Your goal
This exercise calls for the whole listing to be given again exactly, without images.

Dataset excerpt
══════════════════════════════

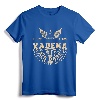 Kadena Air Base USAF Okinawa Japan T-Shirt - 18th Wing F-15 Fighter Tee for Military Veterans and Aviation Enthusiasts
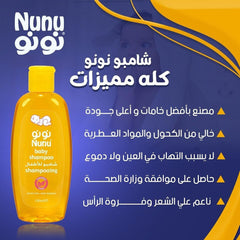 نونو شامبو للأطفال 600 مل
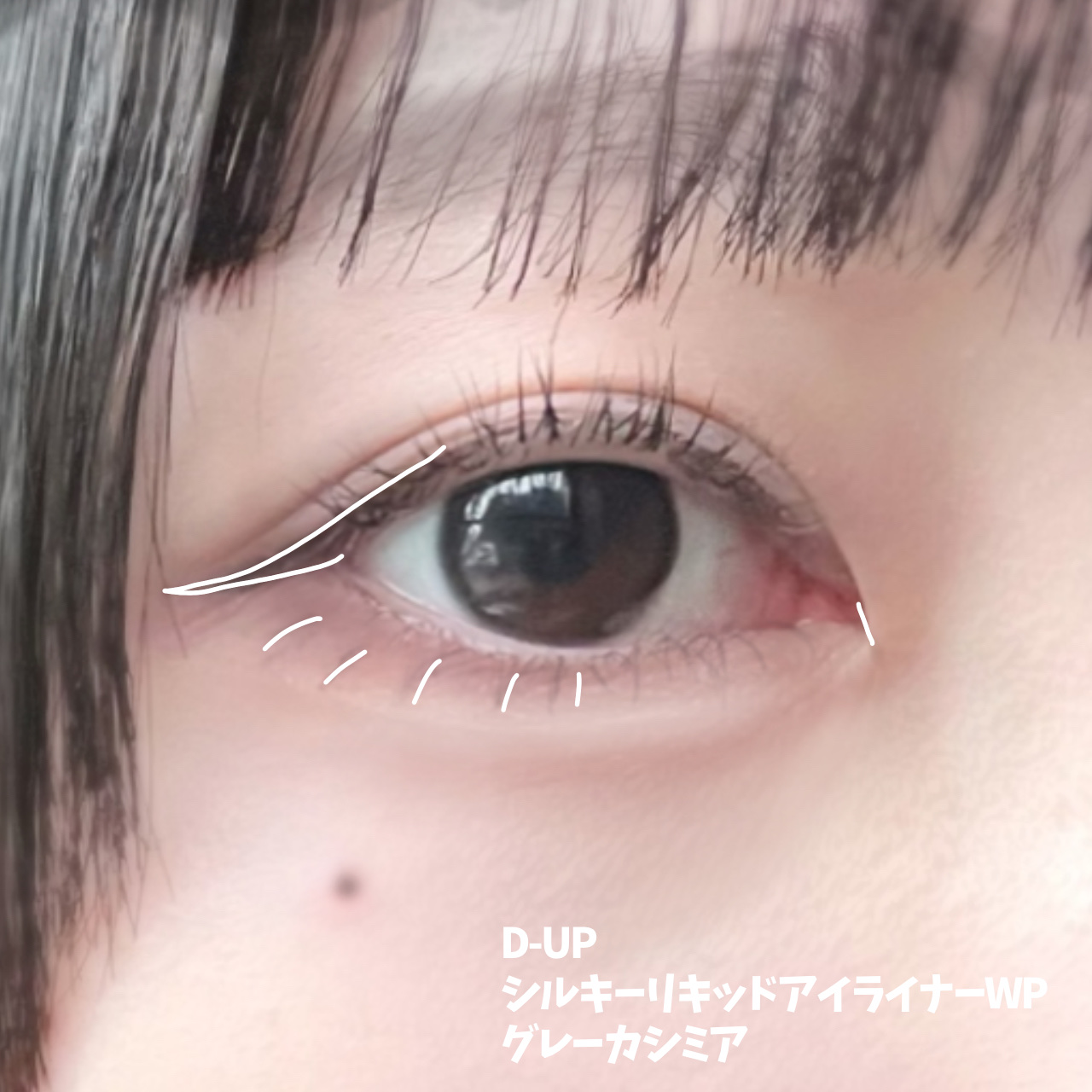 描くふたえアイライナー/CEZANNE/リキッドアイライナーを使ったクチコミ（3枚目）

══════════════════════════════

Response area
 Kadena Air Base USAF Okinawa Japan T-Shirt - 18th Wing F-15 Fighter Tee for Military Veterans and Aviation Enthusiasts
 نونو شامبو للأطفال 600 مل
 描くふたえアイライナー/CEZANNE/リキッドアイライナーを使ったクチコミ（3枚目）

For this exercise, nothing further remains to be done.